Interesting prompt. With how you present the historical dramas in chronological order there's also the reading of pen and paper shrinking in the scope of their importance overtime as technology advances while still being needed to go beyond the current limits of technology, mainly with the space flight focused ones.
I think for me the last three would be What Manner of Man (substack serial), OlliOlli World, and Witch on the Holy Night. This is going to be tricky since OlliOlli World isn't that focused on story and What Manner of Man only has three chapters so far. And I haven't finished any of them, well technically I'm all caught up on What Manner of Man, but it's early on in the story.
All three have hidden magic. What Manner of Man is still in early chapters but places the protagonist on a remote island where we already know from the premise that the local lord is secretly a vampire. OlliOlli World has you striving to be the next Skate Wizard which average people don't know about. Witch on the Holy Night has a whole thing about magecraft and magic needing to be kept secret with a major conflict arising due to one of the protagonists observing it.

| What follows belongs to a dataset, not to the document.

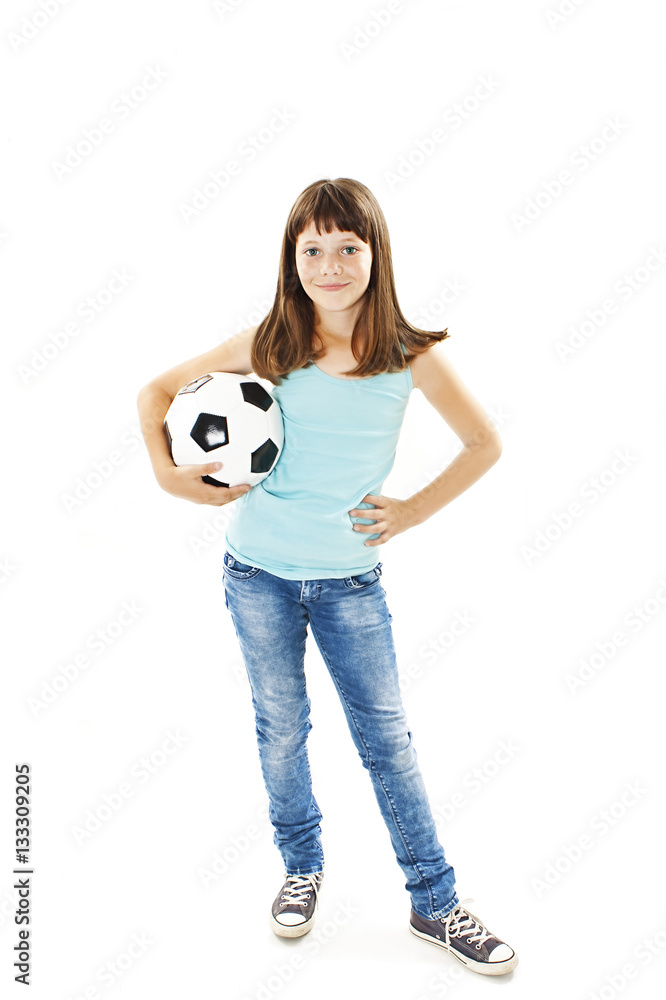 Little girl with the ball. Isolated on white background
Little girl with the ball. Isolated on white background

There's also some relation to divinity in each. In OlliOlli World the Skate Wizard is supposed to be the intermediary between the gods in Gnarvana and the people of Radlandia and to get the title you need to impress each god. What Manner of Man has a Catholic priest protagonist. Witch on the Holy Night isn't actually that religious despite the title, but there is a theme of miracles and there is tension with the local church.
I just finished The Southern Book Club’s Guide to Slaying Vampires, Hayley Aldridge is Still Here, and What Remains of Elsie Jane, and all three deal with how women’s mental health is warped and weaponized against them, in very different ways - one a classic way of diverting suspicion, one to control, and one to dismiss her grief. This is a common theme in my reading!